● DATA SHOWN
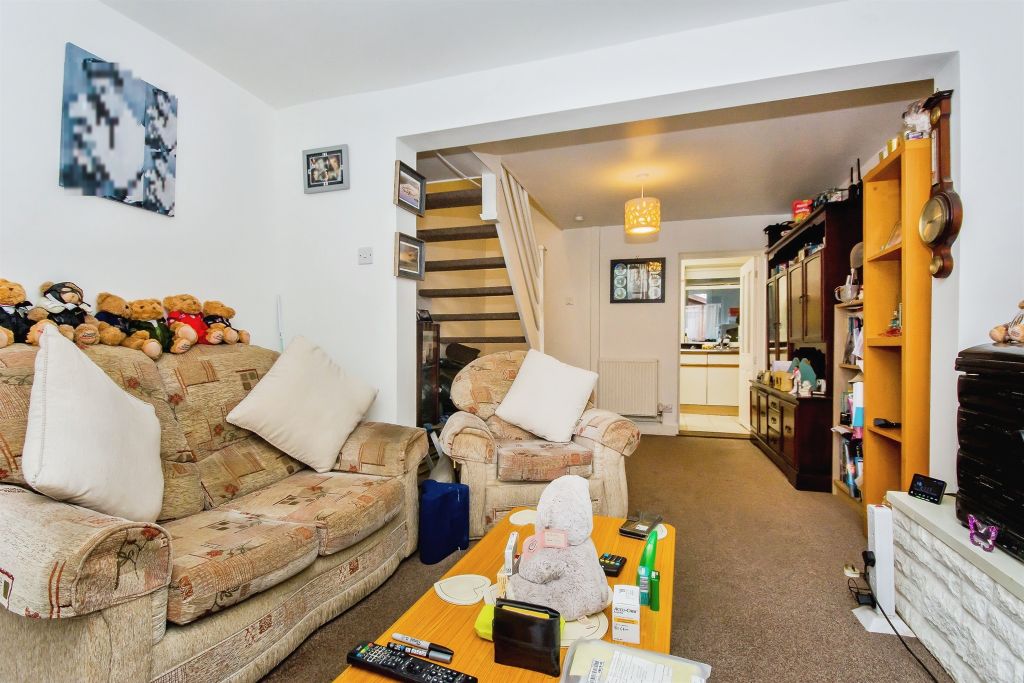 Property photo 3 of 12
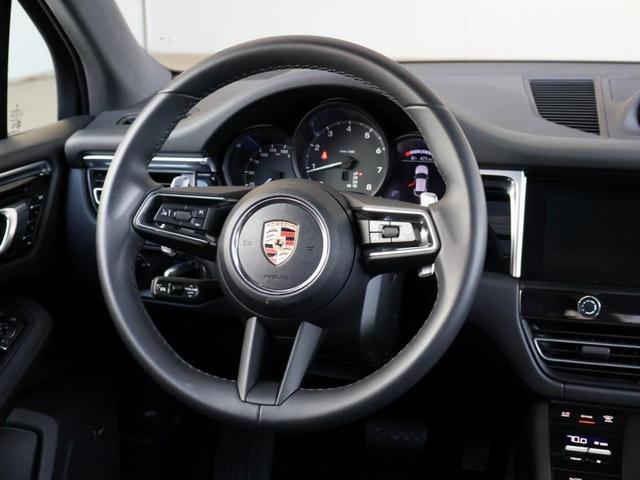 Photo of 2024 Gentian Blue Metallic Porsche Macan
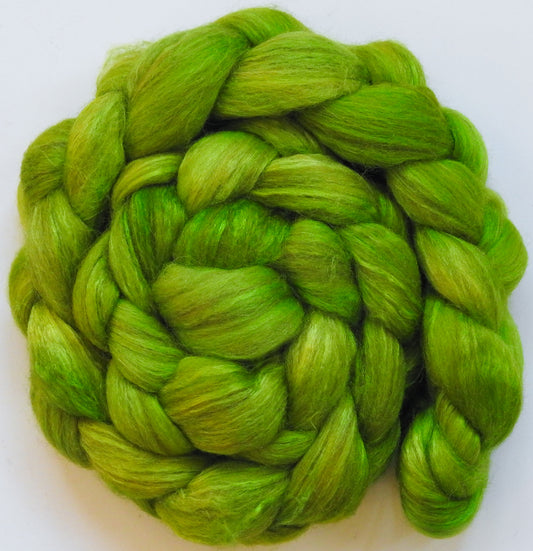 Tree Frog (5.5 oz) - Batt in a Braid #6 - 1/3 Grey Baby Alpaca/1/3 Polwarth/ 1/3 Tussah Silk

● PROBLEM STATEMENT
The complete material, set down exactly and stripped of pictures, is the expected response.

● SOLUTION FOR THIS PROBLEM
 Property photo 3 of 12
 Photo of 2024 Gentian Blue Metallic Porsche Macan
 Tree Frog (5.5 oz) - Batt in a Braid #6 - 1/3 Grey Baby Alpaca/1/3 Polwarth/ 1/3 Tussah Silk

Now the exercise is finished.